Saturday, 10 September 2011

the stuff of nightmares

As you walk past this installation you are suddenly hit by a child like sense of sensitivity and fear of greater things (e.g. wildlife) which you could say has been very much truthfully retold by the fact that the exhibit was made by local schoolchildren. The space is transformed into a sinister atmosphere most progressively by the sounds that are played out adding a haunting sense of nature’s presence. For example a baby is shown hanging from the clasps of a black bird showing a sense of innocence that is being somehow lost or taken away.  However it is not all sinister here, there is a sense of a fairy tale whereby good and bad are ever present. This is displayed in the sense of innocence that is displayed as the stories have been told and retold to successive generations. There a sense of common themes being developed here in how good triumphs evil, heroes behave selflessly and a sense of everyone living happily ever after.

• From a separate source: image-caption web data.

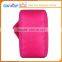  shenzhen factory ripstop waterproof travel backpack handbag for women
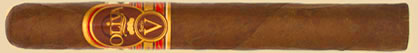 Oliva Series V Lancero Oliva Series V Lancero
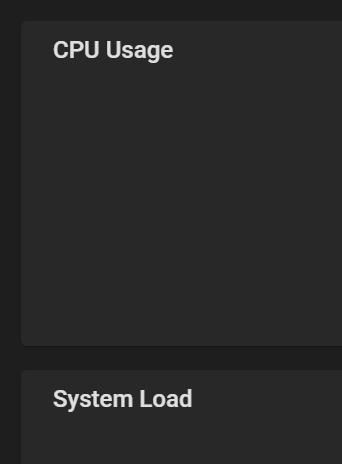 1642044627686.png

A row of bears of all shapes and sizes are displayed to the opposite of the installation displaying a sense of nostalgia and innocence that is also strangely present in the installation piece opposite (which has been made not only by young school children but also by artists who led the sessions, this is displayed in the overall orchestration of the objects which is in no way childlike).

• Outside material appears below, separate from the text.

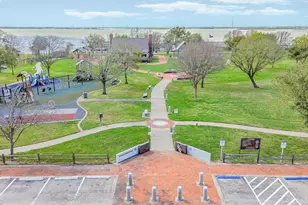 163 Oakland St, Baytown, TX 77520 - Photo 41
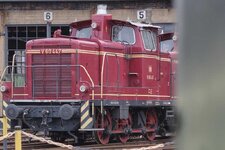 KL-Lok_H2S1688 1.jpg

The various bears displayed all hold a sense of individual character thus giving them a sense of child like presence as they are treated as subjects of individual comfort and importance.
The orchestration of the trees and the sounds incorporated give a sense of the sinister unknown terrors which plague many a child’s nightmares, hence the title ‘the stuff of nightmares’, this exhibit forces us to confront our childhood insecurities and pushes those common fears to the forefront of our minds, putting it into reality and real terms.